What went on in this place in a country so far away?

Signs of trouble

“Is this hospital alright?”

A 58-year-old woman from the Kansai region, who was admitted on Dec. 16 last year, was growing uneasy in her room on the 4th floor.

She had started dialysis after her kidney disease worsened, but as the wait for a kidney transplant can be 10 years or more in Japan, she contacted an NPO she found on the internet.

Told she could receive a kidney transplant in Uzbekistan, she traveled there in June last year to wait for the operation. But in late November, she was suddenly moved by the NPO to neighboring Kyrgyzstan.

Medical equipment was hastily brought to the hospital. After being admitted, she saw first-hand an Israeli woman who had earlier undergone surgery in apparent agony in her room. The doctor who performed the surgery, a 57-year-old Egyptian, would also be the one to operate on her.

“I am worried,” the woman told a staff member of the NPO, who assured her, “It will be alright.” She told herself, “As the [organ] donor has already been decided, if I’m going to have the operation, now is the only time.” The operation was performed on Dec. 18.

Operation goes south

Waking up about a week after the operation, the woman found that instead of the hospital, she was in a hotel room in Bishkek.

She immediately telephoned the director of the NPO in Tokyo. The following is a transcript of the call with the 62-year-old man from recordings obtained by The Yomiuri Shimbun:

Kansai woman: “What am I doing being treated in a hotel? Can you ask the doctor for me?”

NPO director: “They wouldn’t tell me. Nothing.”

Woman: “It’s pretty irresponsible, isn’t it?”

Director: “These things happen in foreign countries.”

The woman’s condition deteriorated from that point and she was transferred by plane to Uzbekistan. There she was admitted into the Nano Medical Clinic, a private hospital in the capital of Tashkent.

When the Yomiuri Shimbun reporter visited the hospital in June this year, a 32-year-old male doctor said he remembered the woman.

She had been brought to the hospital from the airport by ambulance pleading, “It hurts, it hurts.” Her wounds were infected, and further abnormalities were found in a blood test. “I thought she might die within a day or two,” the doctor said.

The woman returned to Japan in early January and was immediately hospitalized. The transplanted kidney was not functioning, and had to be surgically removed. She had to stay in the hospital for another half a year. “I should never have had the operation,” she said regretfully.

‘Unethical’ transplants

The donor to the Japanese woman was a middle-aged Ukrainian woman. Through a 58-year old male Turkish coordinator, the donor received nearly $15,000 (about ¥2 million) for her donated kidney, several times more than the yearly average income in Ukraine.

She has reportedly told those close to her that she “used it to pay for my daughter’s school fees.”

“Transplant tourism,” in which people from advanced countries receive organs from donors in developing countries in exchange for money, has been branded unethical by the Transplantation Society, which has been advocating for a ban on such practices.

But in recent years, cases in which Japanese patients have received kidney transplants abroad have become more conspicuous, drawing criticism from other countries.

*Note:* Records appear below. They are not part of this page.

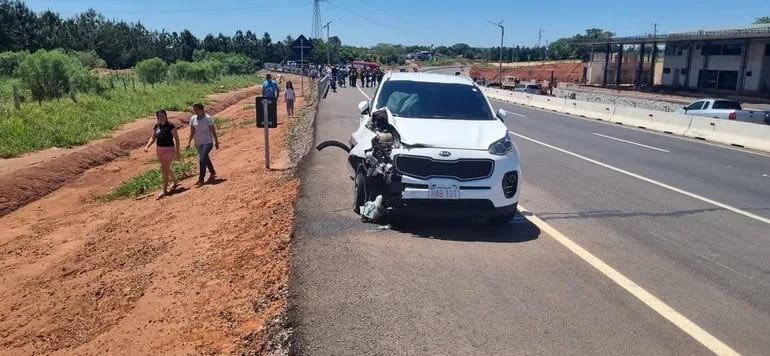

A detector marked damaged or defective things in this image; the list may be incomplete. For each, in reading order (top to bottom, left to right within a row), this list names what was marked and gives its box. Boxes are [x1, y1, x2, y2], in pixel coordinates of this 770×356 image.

damaged white suv [316, 72, 520, 225]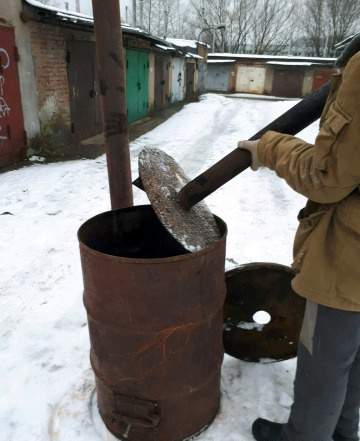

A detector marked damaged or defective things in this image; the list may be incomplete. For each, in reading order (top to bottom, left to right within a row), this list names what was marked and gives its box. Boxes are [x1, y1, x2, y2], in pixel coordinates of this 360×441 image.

rusty metal barrel [78, 205, 226, 438]
rust texture on barrel [79, 205, 228, 440]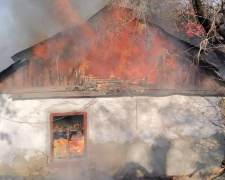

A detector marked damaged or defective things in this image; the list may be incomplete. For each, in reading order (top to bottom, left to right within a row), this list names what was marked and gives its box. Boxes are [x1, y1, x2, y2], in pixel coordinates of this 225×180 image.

broken window [50, 112, 87, 160]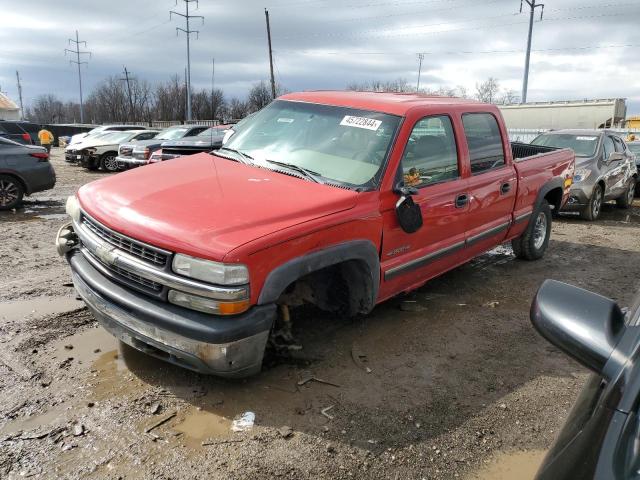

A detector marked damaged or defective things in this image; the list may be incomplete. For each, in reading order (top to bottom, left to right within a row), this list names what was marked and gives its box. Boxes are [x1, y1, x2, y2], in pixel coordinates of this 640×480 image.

damaged vehicle [76, 130, 160, 172]
damaged front bumper [60, 223, 278, 376]
damaged vehicle [55, 91, 576, 378]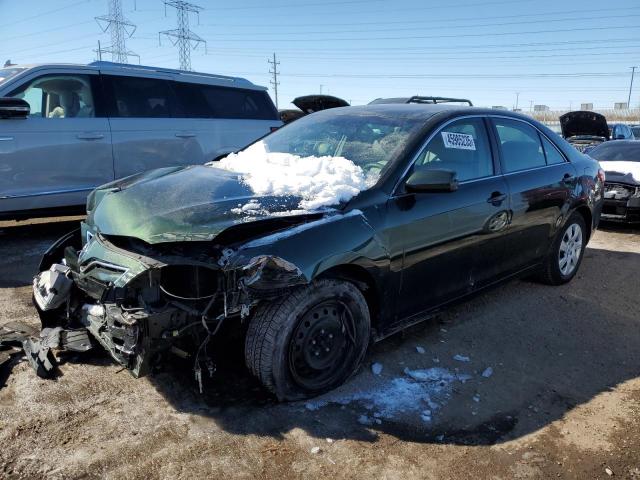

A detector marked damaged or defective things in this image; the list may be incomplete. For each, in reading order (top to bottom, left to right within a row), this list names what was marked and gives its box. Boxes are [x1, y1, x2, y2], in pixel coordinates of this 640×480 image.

crumpled hood [560, 112, 608, 142]
crumpled hood [89, 165, 320, 244]
crumpled hood [600, 160, 640, 185]
damaged black sedan [28, 106, 600, 402]
crushed front end [31, 219, 306, 384]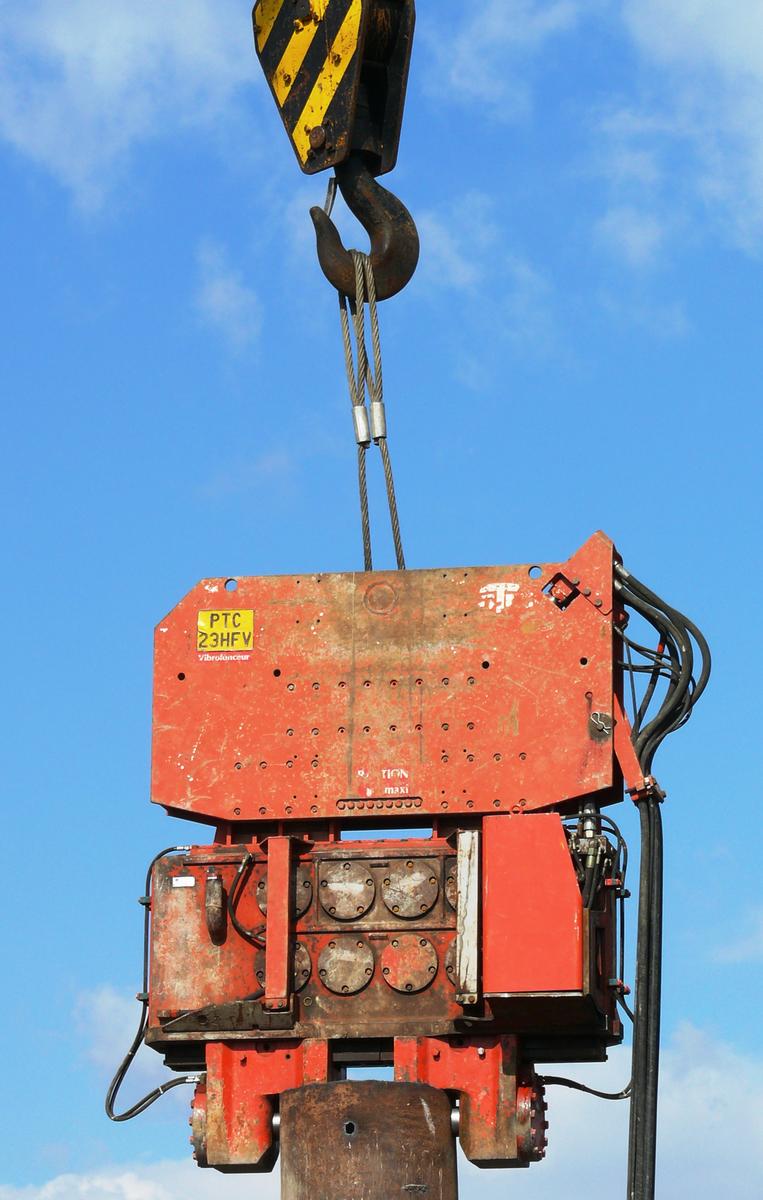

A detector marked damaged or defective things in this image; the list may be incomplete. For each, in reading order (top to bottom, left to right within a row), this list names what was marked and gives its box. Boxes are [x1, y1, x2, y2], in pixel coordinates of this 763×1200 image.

rusty metal surface [149, 536, 620, 824]
rusty metal surface [280, 1080, 460, 1200]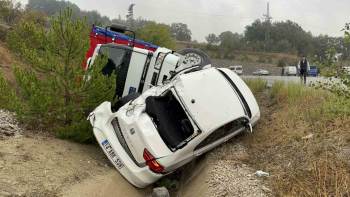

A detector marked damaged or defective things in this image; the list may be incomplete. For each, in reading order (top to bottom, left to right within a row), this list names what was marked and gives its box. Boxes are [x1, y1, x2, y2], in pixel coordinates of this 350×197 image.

crashed vehicle [86, 23, 258, 187]
overturned white car [86, 31, 258, 188]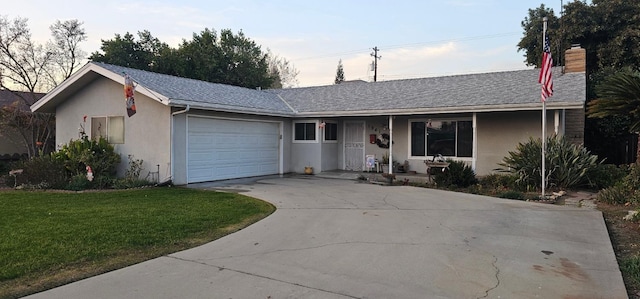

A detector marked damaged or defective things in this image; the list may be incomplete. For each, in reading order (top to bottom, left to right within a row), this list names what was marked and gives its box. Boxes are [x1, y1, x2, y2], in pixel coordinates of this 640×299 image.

driveway crack [166, 255, 360, 299]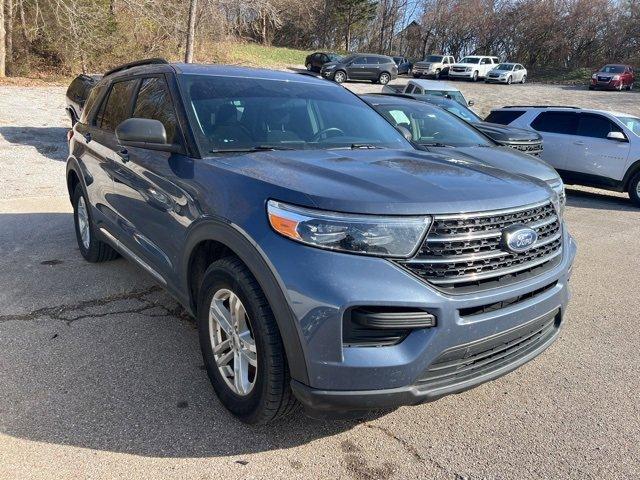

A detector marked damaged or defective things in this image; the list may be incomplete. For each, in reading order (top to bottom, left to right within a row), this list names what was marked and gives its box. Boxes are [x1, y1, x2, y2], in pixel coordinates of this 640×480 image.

crack in pavement [0, 284, 190, 326]
crack in pavement [362, 422, 452, 474]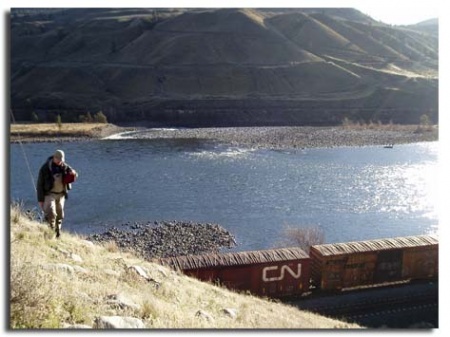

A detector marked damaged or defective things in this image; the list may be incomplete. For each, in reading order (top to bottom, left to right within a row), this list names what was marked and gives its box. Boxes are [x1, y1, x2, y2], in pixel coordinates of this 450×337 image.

rusty railcar [157, 247, 310, 296]
rusty railcar [312, 232, 438, 290]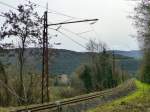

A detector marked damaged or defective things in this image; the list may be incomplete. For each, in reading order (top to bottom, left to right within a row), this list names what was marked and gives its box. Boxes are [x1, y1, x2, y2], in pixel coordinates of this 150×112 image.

rusty rail surface [12, 79, 135, 112]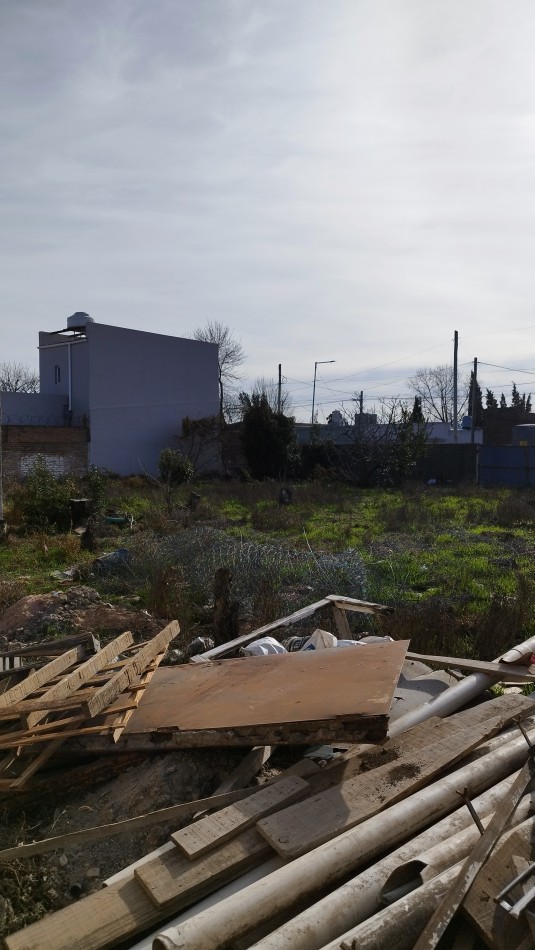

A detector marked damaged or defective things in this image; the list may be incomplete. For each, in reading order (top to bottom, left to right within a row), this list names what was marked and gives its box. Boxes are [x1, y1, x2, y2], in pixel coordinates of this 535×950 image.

broken wood piece [23, 632, 134, 728]
broken wood piece [81, 620, 178, 716]
rusty metal sheet [123, 644, 408, 732]
broken wood piece [174, 776, 312, 860]
broken wood piece [260, 712, 524, 864]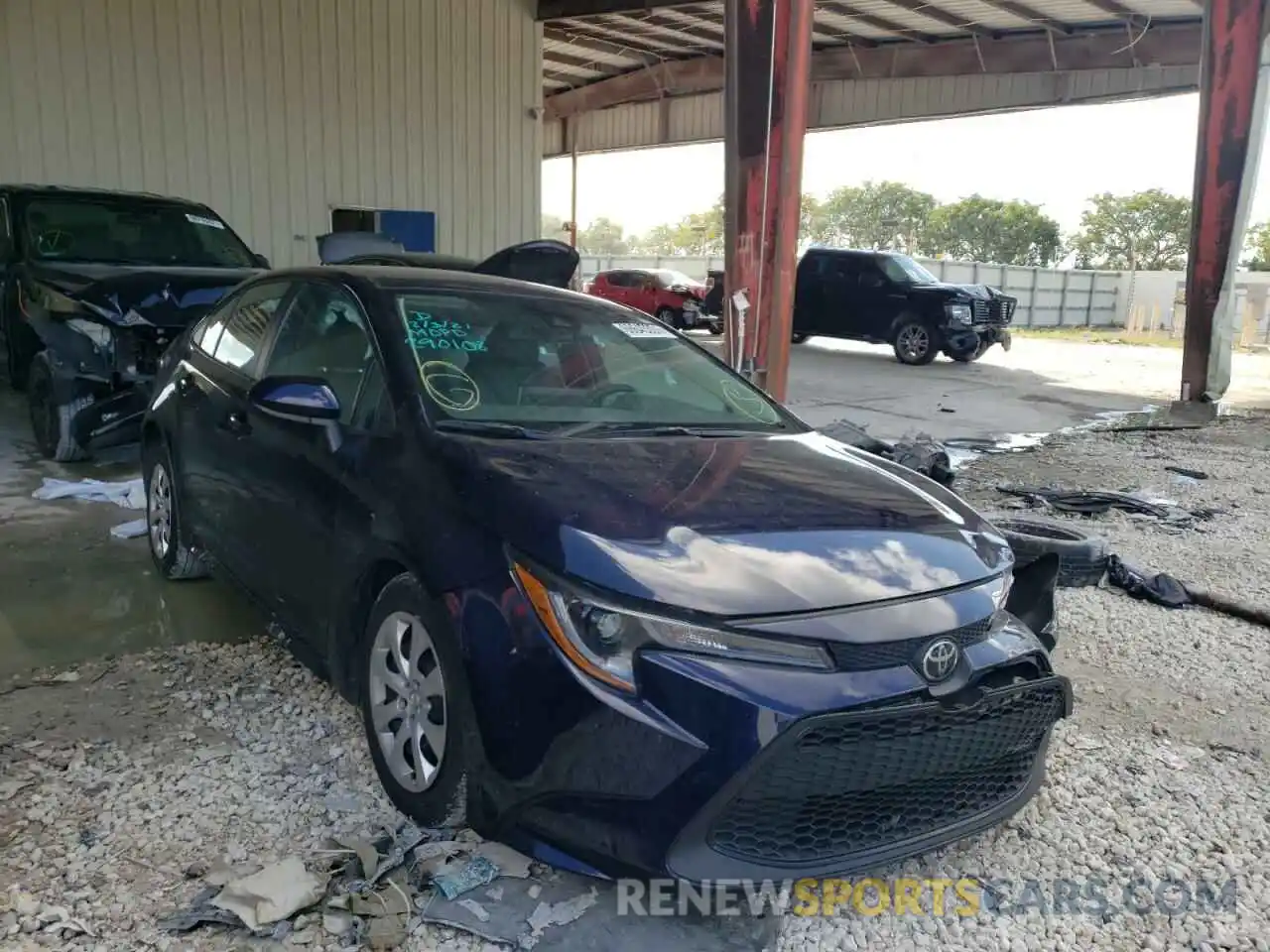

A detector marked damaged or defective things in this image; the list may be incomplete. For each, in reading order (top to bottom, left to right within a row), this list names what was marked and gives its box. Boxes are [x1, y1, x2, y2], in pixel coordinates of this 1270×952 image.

According to the Japan Society for Transplantation (JST), a summit held in the Vatican to eradicate organ trafficking in 2017 reported that two Japanese people underwent transplants in 2016 using purchased kidneys in Vietnam.

In or around 2019, a doctor in another foreign country sent information to the JST, saying that “A Japanese was looking for a kidney.”

Also in Bulgaria, investigations were carried out between 2019 and 2021 over cases where living organ transplants were illegally carried out on foreign patients, including a Japanese, according to news reports.

“As things stand now, Japan may lose its international reputation,” lamented Hiroto Egawa, 65, president of the JST.